*INFORMATION*.
════════════════

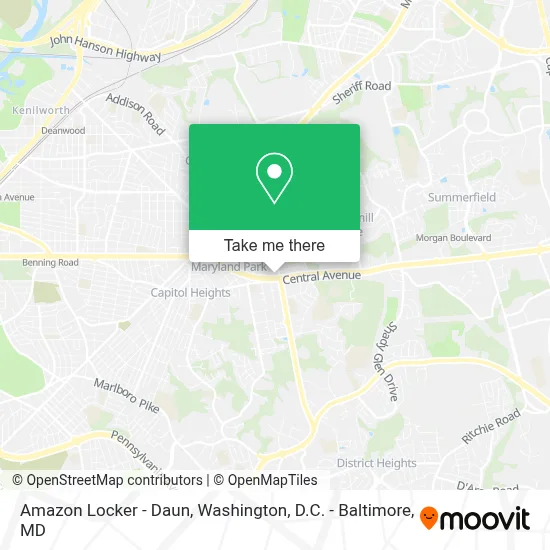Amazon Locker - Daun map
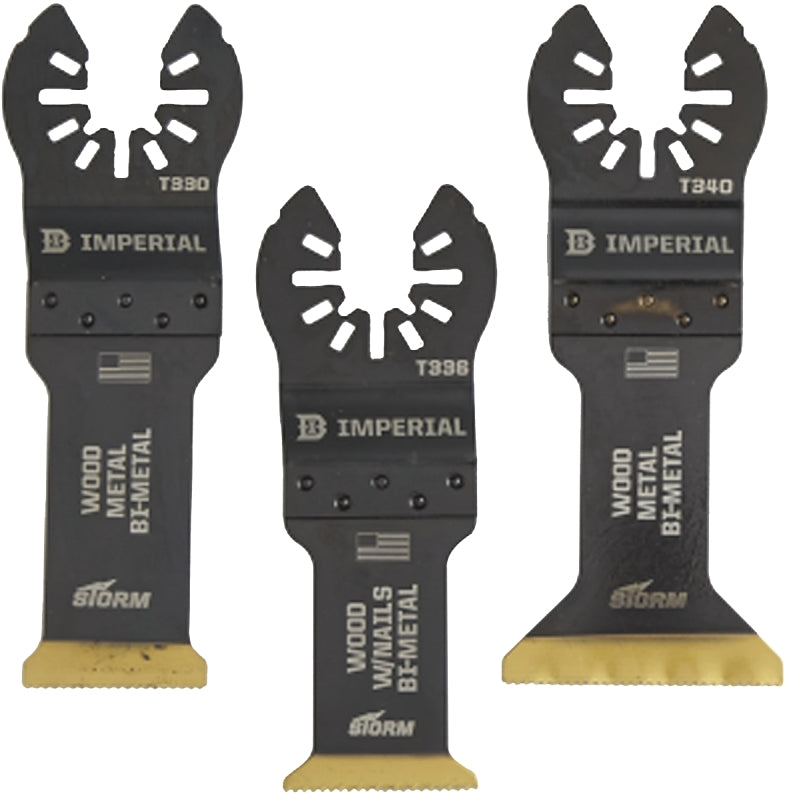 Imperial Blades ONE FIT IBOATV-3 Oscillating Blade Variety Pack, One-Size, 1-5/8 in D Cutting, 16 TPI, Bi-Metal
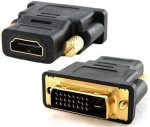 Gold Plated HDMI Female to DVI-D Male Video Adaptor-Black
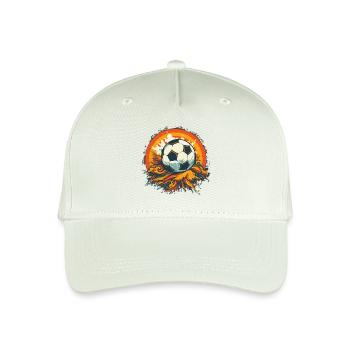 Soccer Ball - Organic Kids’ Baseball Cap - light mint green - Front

════════════════

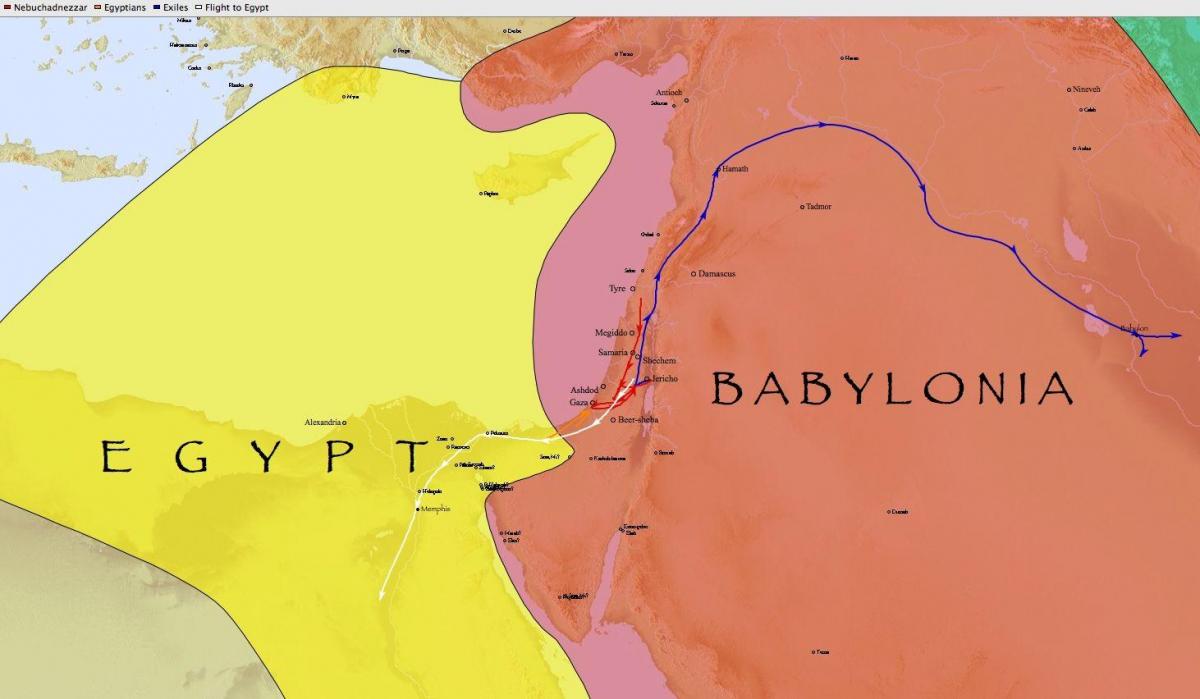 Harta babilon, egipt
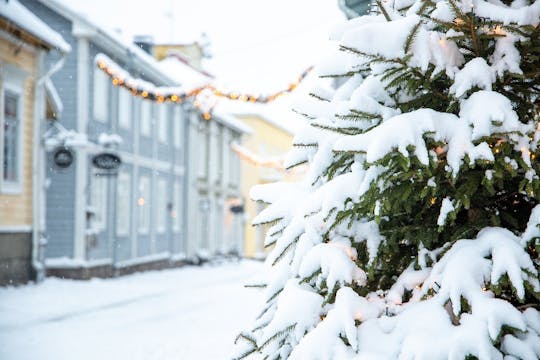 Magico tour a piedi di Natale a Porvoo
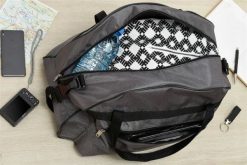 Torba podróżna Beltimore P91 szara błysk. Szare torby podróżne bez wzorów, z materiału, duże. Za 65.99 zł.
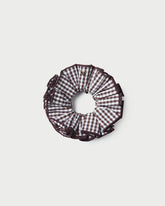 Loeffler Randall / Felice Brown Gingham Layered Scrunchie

════════════════

*WORK TO COMPLETE*. Here the job is to copy the listing above word for word, starting at the line with "Harta babilon, egipt" and ending at the line with "Loeffler Randall /", and to leave out the pictures.

*RESPONSE*.
 Harta babilon, egipt
 Magico tour a piedi di Natale a Porvoo
 Torba podróżna Beltimore P91 szara błysk. Szare torby podróżne bez wzorów, z materiału, duże. Za 65.99 zł.
 Loeffler Randall / Felice Brown Gingham Layered Scrunchie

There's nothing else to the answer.